Robin has written an excellent post over at Dear Author about power dynamics in Romance. It got me thinking about the vexed and apparently unending issue of why straight women write m/m. The reason often offered is that m/m is free of the gender games of het romances, and yet so many m/m stories merely reproduce the tropes and expectations of het stories. Why bother writing about two gay or bi men if you’re going to write one of them as a woman in a male costume?
There’s also the conundrum that while m/m apologists like to beat the drum that many m/m authors are gay or bi or genderqueer, so they are simply writing about their own sexuality and issues, the fact of the matter is that the overwhelming majority of m/m writers are straight (or live in conventional heterosexual relationships.) In fandom, a good many slash writers of male pairings are lesbians. If the point of m/m was simply to write the queer experience, then why do so many queer women choose to write about gay men?

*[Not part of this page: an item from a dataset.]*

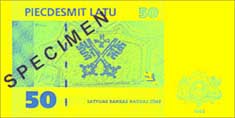 50 lats banknote backside 50 lats banknote backside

I think Robin’s essay may provide the answer. While male-male relationship are certainly not devoid of power plays or gender roles, the dynamics are different. The expectations are different. I, as a straight woman, can write about two men without having to have one consider whether the putative lover/life partner will be a good father to his offspring (that’s not to say gay men don’t want to be fathers, but it’s not close to being the same imperative that fertile women who want kids feel.) The issue of status is less likely to be important. Spontaneous sex can happen without any sick feelings the next morning about the possibility of pregnancy and so on (STDs aside.)
Women writing gay men get to explore what the dynamic are like in a relationship where the presumption is that both partners are socially and societally equal and powerful, where their destiny could go either way (and not be presumed to follow the man’s career or wealth). Where both partners often are physically equal and strong, and can experience public responses and safety in the same way (No ‘I don’t feel safe in this group’ – ‘Why? I feel safe’ conversations where the woman tries and fails to explain why she’s feeling fear even though her male lover isn’t.)

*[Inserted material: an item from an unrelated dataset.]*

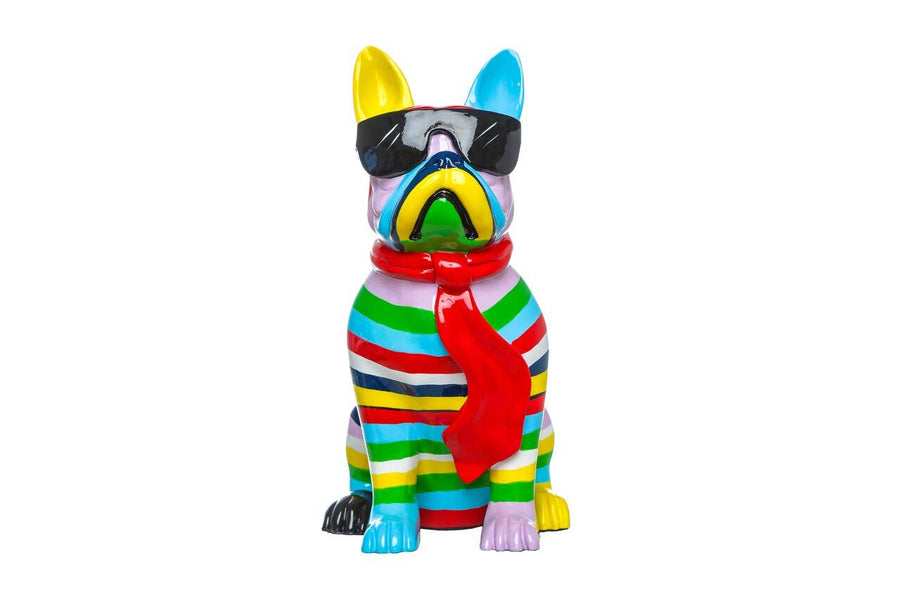 Hand Painted Stripe Dog w/Black Glasses Sculpture - 14" tall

This kind of thing is very freeing for a woman to explore, to experience vicariously. Unfortunately, too many of us do it without adequately considering how heterosexual privilege blinds us to the real power dynamics and threats within a gay relationship, within the gay community, and as gay men facing a straight world. That lack of consideration leads to appropriative, exploitative writing. It’s not actually inevitable though, and I maintain that if a straight woman can bear the impact of straight privilege in mind, there’s no harm in her writing about a world she can often only experience at second-hand. Visualisation is a powerful tool for actualisation, and women who can visualise true equality, can help to achieve it.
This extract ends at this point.